(Source data)
----------------------------------------
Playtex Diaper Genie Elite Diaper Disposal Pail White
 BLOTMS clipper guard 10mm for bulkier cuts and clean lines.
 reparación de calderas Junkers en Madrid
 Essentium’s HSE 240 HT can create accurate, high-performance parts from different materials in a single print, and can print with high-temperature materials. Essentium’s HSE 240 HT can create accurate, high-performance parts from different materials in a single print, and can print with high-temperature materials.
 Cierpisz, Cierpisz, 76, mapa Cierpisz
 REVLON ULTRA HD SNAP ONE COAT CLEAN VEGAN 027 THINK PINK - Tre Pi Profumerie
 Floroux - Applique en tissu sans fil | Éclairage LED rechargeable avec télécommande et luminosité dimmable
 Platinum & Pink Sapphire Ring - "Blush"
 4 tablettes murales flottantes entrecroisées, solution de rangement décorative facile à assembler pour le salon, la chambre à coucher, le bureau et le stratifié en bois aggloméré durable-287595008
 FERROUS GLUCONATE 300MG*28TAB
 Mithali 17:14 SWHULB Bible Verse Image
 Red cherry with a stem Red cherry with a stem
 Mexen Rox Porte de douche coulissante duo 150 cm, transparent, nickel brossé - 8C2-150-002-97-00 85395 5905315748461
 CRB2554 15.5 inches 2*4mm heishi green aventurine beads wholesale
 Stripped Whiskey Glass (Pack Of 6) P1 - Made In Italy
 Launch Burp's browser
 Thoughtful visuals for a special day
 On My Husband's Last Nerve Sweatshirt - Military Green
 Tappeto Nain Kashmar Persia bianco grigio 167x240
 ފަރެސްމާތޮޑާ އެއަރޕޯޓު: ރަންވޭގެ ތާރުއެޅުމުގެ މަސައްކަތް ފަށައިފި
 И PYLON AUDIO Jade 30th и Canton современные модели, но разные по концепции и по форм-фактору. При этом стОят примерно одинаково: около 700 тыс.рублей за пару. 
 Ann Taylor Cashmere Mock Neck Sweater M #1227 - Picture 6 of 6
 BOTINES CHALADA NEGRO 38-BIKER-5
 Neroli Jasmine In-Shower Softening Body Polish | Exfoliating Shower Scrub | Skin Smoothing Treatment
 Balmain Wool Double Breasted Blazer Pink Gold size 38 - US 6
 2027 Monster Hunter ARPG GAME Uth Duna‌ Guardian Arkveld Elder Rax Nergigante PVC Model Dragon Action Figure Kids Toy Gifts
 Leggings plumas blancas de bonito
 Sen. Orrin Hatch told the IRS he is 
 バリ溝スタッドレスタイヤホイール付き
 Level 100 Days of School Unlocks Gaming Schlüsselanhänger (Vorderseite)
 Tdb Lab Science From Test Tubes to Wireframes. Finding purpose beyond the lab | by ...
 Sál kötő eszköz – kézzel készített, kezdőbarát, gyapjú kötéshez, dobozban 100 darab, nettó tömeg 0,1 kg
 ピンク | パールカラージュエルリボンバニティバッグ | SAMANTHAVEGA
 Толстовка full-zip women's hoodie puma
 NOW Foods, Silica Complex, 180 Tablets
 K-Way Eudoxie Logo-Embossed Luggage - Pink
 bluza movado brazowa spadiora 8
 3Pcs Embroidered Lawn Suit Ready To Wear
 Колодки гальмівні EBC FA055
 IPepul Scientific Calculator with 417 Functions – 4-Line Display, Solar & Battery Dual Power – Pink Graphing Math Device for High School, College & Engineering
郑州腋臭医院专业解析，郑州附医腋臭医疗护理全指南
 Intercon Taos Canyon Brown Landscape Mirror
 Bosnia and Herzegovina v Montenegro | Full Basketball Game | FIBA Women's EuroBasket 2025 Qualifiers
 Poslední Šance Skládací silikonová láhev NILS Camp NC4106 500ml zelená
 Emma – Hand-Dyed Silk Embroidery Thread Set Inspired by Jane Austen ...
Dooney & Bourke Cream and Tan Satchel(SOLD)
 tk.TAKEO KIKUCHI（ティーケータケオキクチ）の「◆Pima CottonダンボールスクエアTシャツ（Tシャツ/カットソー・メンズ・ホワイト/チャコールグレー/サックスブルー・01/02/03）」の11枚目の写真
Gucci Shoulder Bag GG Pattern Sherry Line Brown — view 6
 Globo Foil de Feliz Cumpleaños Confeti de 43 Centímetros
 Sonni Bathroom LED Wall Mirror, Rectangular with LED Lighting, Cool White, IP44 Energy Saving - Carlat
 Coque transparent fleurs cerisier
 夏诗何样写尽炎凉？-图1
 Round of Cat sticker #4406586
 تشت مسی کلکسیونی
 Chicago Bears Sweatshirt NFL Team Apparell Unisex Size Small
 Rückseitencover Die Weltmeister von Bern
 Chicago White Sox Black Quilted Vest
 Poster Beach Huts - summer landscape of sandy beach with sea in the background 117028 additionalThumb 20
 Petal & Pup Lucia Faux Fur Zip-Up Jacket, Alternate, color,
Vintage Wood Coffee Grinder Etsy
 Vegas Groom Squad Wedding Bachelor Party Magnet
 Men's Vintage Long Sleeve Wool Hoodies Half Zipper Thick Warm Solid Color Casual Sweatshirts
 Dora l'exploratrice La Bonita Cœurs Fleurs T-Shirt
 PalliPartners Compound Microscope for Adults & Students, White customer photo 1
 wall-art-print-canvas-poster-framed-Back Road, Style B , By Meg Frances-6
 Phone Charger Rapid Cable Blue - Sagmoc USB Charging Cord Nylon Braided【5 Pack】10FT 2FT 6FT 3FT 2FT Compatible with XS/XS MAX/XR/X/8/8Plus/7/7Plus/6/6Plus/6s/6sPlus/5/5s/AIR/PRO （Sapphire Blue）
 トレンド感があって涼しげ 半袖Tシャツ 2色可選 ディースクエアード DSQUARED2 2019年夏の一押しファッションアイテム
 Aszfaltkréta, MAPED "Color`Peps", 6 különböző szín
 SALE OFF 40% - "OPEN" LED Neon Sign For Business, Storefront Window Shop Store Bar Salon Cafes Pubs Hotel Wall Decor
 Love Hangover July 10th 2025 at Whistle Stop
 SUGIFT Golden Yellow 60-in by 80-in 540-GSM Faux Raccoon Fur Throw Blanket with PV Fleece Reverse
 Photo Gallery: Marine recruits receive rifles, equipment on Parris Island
----------------------------------------
TASK REQUIREMENTS: Check each line above for the string "Wool" and copy every line that has it.

SOLUTION TO THIS TASK:
 Balmain Wool Double Breasted Blazer Pink Gold size 38 - US 6
 Men's Vintage Long Sleeve Wool Hoodies Half Zipper Thick Warm Solid Color Casual Sweatshirts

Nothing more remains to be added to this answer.